Os mais conservadores defendem que as meninas deverão continuar a usar cor-de-rosa e a brincar com bonecas e os meninos a vestir azul e a brincar com carrinhos; enquanto os mais liberais defendem que essa diferenciação já não faz sentido e que se deve respeitar a vontade da criança independentemente dos estereótipos.
Se fizermos uma resenha histórica do conceito e entendimento do ser misterioso e encantador que é a criança, percebemos que ele foi sempre condicionado pelo olhar e os receios dos adultos e da sociedade. Inicialmente as crianças eram vistas e tratadas como adultos em miniatura e por isso como seres incompletos. Só no século XVIII, principalmente com Rousseau, a criança começou a ser vista na sua singularidade. A diferença de género foi camuflada por vestidos e longos cabelos para evitar a curiosidade dos mais pequenos acerca da sexualidade e só mais tarde começou a fazer-se uma distinção clara. Os meninos começaram a ter um corte de cabelo mais curto e a usar calções e a vestir principalmente… cor-de-rosa! Por ser uma cor mais forte, enquanto o azul, por ser mais delicado, era destinado às meninas.

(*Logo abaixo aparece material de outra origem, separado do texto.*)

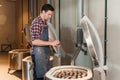 Middle aged caucasian male potter in apron counts clay pots before firing in the oven during work day in the pottery Royalty Free Stock Photo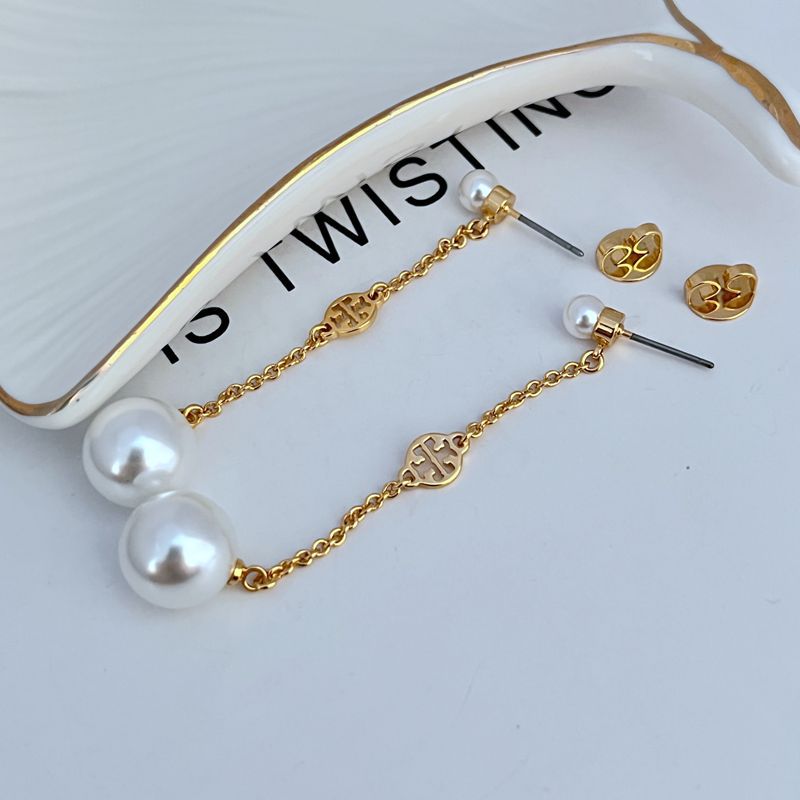 Clean, vertical shot of a single earring against a soft, neutral background, clearly showing the Double T logo above the pearl drop.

Com o evoluir dos tempos tem sido dada cada vez mais atenção à criança, aos seus direitos – muitas vezes mais do que às suas obrigações – e interesses. Foi nesse sentido e pelo facto de meninos e meninas brincarem cada vez mais juntos e partilharem brinquedos que se começou a verificar que os meninos por vezes também gostam de brincar com brinquedos de menina e vice-versa. No fundo, a escolha do brinquedo está ligada não só à personalidade, gostos e vivências de cada um, mas também à vontade de exploração de outras realidades através das brincadeiras. Um bom exemplo disso é o facto de por vezes os maiores rufias da escola, num contexto protegido e de confiança de psicoterapia, escolherem as casinhas e loicinhas para vivenciar emoções e relações importantes para si. Quanto mais abrangentes forem as escolhas, maior a liberdade de pensamento e desenvolvimento de capacidades.
Mas não devemos cair no fundamentalismo. Continua a ser verdade que há diferenças, mesmo ao nível do cérebro, e uma maior tendência das meninas, que são mais emocionais e ligadas à linguagem, para brincar com bonecas e dos meninos, que são mais ligados a questões visuais, muito físicos e amigos da velocidade, para gostar de empilhar, jogar à bola e brincar com carrinhos.
Já ouvi mães e tias dizerem que vão dar o mundo da Barbie a certo menino porque ele gosta de brincar com as da irmã e que preferem isso a que brinque com pistolas. É a isto que chamam abertura de espírito? Ou será antes mais uma forma de condicionamento pelos mais velhos, camuflada de liberalismo?